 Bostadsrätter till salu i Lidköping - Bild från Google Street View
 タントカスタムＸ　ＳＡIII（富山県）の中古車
...
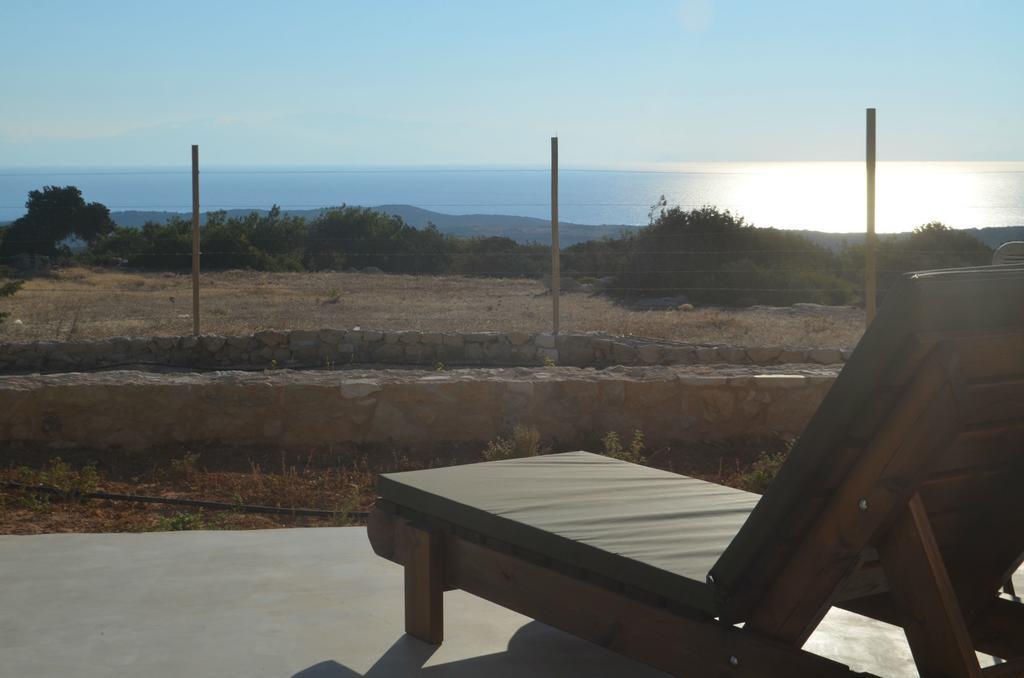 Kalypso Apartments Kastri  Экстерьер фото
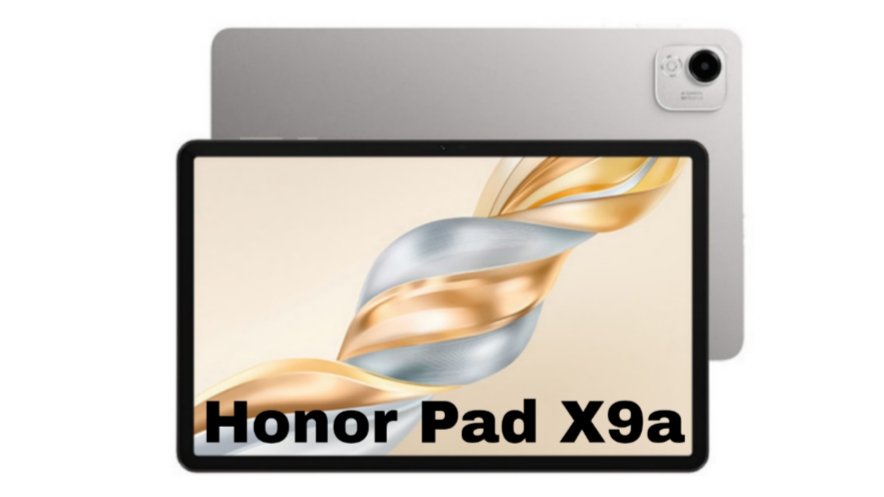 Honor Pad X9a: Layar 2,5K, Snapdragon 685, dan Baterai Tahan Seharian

### Task objective
Please give back exactly the lines of the listing above that run from the one containing "Bostadsrätter till salu" through the one containing "タントカスタムＸ　ＳＡIII（富山県）の中古車", and only those.

### Solution to this problem
 Bostadsrätter till salu i Lidköping - Bild från Google Street View
 タントカスタムＸ　ＳＡIII（富山県）の中古車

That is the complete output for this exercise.